■ ABOUT THIS EXERCISE:
Exactly as written, copy the lines of the data below from the first through the one containing "鄭州周邊秋日私藏線!賞千年銀杏,看紅葉漫山 鄭州周邊秋日".

■ INPUT RECORDS:
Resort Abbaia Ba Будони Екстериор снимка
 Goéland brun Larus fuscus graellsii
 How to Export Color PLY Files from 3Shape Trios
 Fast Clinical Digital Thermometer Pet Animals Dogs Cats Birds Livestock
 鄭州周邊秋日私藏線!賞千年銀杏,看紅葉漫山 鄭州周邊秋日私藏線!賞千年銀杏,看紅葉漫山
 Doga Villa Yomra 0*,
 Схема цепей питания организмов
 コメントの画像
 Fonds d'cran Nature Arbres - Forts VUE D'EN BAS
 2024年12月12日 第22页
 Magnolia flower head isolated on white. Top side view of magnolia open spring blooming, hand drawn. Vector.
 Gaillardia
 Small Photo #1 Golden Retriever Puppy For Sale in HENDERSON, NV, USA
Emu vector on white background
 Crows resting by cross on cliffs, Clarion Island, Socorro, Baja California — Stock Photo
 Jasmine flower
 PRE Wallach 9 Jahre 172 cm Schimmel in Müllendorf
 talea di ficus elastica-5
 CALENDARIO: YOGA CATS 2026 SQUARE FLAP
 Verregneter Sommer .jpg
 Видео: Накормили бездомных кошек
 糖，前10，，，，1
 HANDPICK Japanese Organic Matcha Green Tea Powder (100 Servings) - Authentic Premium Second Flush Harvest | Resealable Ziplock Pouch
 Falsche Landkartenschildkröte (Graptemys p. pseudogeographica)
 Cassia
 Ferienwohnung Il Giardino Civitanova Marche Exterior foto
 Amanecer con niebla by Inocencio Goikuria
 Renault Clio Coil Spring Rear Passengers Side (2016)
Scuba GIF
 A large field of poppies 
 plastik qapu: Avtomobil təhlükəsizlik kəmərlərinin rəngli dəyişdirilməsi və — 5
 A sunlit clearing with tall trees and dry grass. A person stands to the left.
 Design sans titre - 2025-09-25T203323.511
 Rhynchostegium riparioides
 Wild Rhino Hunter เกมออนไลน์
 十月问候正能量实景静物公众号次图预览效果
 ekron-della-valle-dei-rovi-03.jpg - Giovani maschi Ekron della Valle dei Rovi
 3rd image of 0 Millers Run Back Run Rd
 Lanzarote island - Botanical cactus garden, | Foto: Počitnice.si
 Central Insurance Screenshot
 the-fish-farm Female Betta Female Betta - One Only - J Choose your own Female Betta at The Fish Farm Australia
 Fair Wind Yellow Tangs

■ OUTPUT FOR THIS TASK:
Resort Abbaia Ba Будони Екстериор снимка
 Goéland brun Larus fuscus graellsii
 How to Export Color PLY Files from 3Shape Trios
 Fast Clinical Digital Thermometer Pet Animals Dogs Cats Birds Livestock
 鄭州周邊秋日私藏線!賞千年銀杏,看紅葉漫山 鄭州周邊秋日私藏線!賞千年銀杏,看紅葉漫山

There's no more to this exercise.